Krieger würde sich schon ziemlich anbieten, da er, ähnlich dem Paladin, im Umgang mit Nahkampfwaffen versiert ist, und diverse Fähigkeiten sehr nahe beieinander liegen, ausser dass der Krieger da mit Gewalt nachhilft, wo ihm die Macht des Lichts fehlt (nimm den göttlichen Sturm, entferne das ganze Lichtgedöns, und du hast den Wirbelwind, nimm den Hammer der Gerechtigkeit und zieh da das Licht heraus, füge etwas rohe Gewalt hinzu und du hast den erschütternden Schlag des Schutzkriegers ...)

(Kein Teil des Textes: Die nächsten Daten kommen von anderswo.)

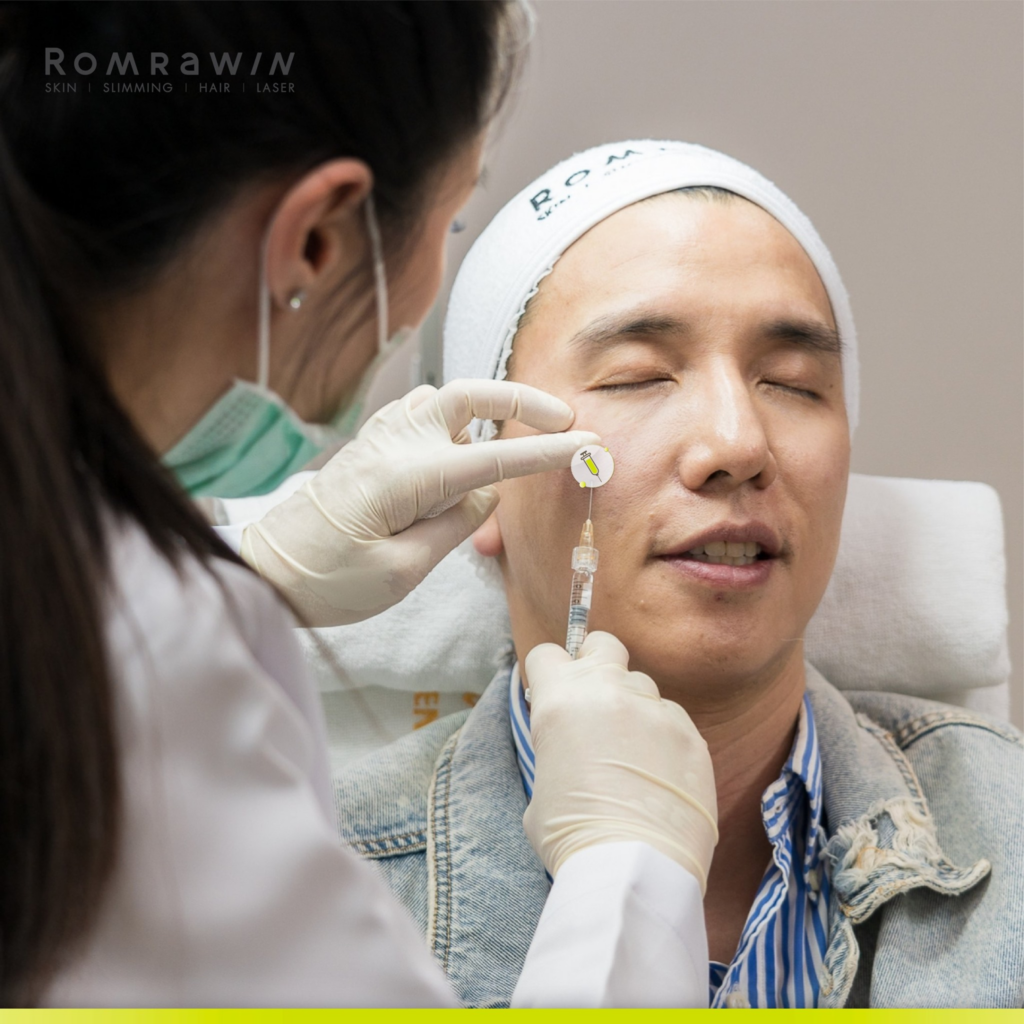 รีวิวฉีดฟิลเลอร์ใต้ตาที่ Romrawin Clinic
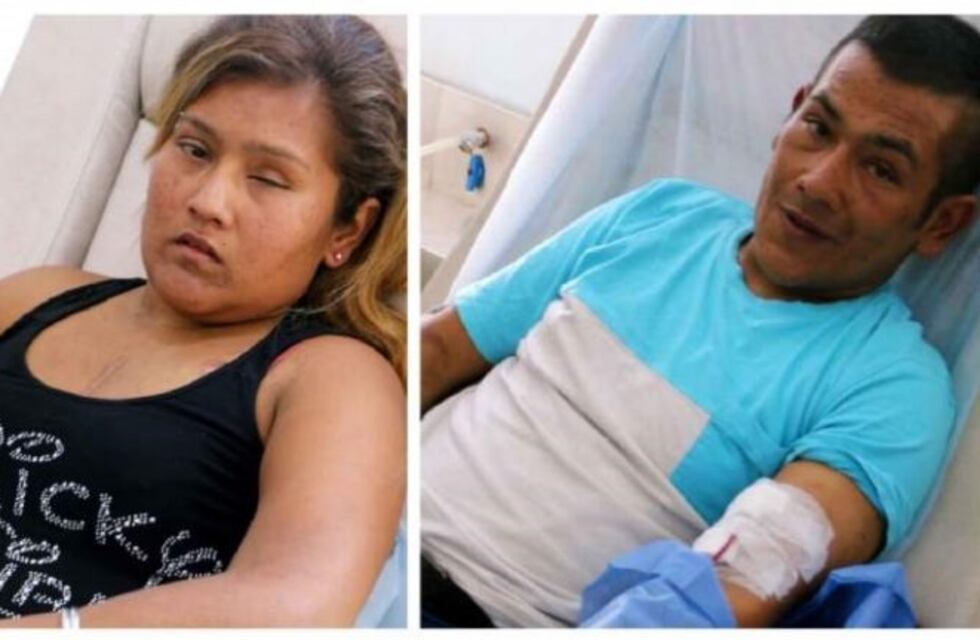 Ella es ciega, a él le cortaron una pierna y necesitan ayuda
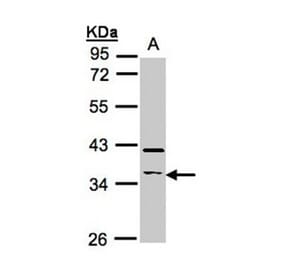 RASSF2 antibody from Signalway Antibody (23100) - Antibodies.com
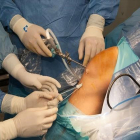 Hospital Universitari de Bellvitge  Una  nueva cirugia que  implanta tejido porcino puede revolucionar el tratamiento de rotuta del ligamento cruzado anterior de la rodilla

Auch der Todesritter könnte ein Kandidat sein, gewissermassen ein Paladin, der in die Fänge der Geissel geraten ist, und dessen Fähigkeiten dadurch korrumpiert und quasi umgedreht wurden. Statt geweiht wird nun entweiht, statt geheilt verseucht etc. pp. 

Zum Jäger ists ein etwas weiterer Schritt. Möglicherweise jemand, der das Vertrauen ins Licht und die Menschheit (Blutelf-Heit etc. ihr wisst was ich meine ...) verloren hat und daher Trost bei einem vertrauten Tier gesucht hat (zb so ein Wölfchen aus Mulgore könnte durchaus als Hund durchgehen, der den Charakter nun auf Schritt + Tritt begleitet).


----------



## spectrumizer (6. November 2009)

Falkulus schrieb:


> Ich finde seine Frage schon berechtigt, denn oftmals wird die Geschichte dann von anderen Rollenspielern abgelehnt.
> 
> Beispiel: Auf dem Syndikat gibt es einen TR, der aber im RPFlag Addon stehen hat das er eben KEIN TR verkörpert.
> 
> So wie ich das gesehen habe nehmen das die wenigsten RPler an, da e szu weit hergeholt ist.


Ist doch das Problem derjenigen, die es ablehnen. Wer sich danach richtet, was andere für richtig oder falsch ansehen, ist doch selber schuld.


----------



## Minøtaurus (6. November 2009)

Also ich finde ja, das absolute Gegenteil zum Paladin ist der Todesritter, aber auch der Schattenpriester würde sich da anbieten.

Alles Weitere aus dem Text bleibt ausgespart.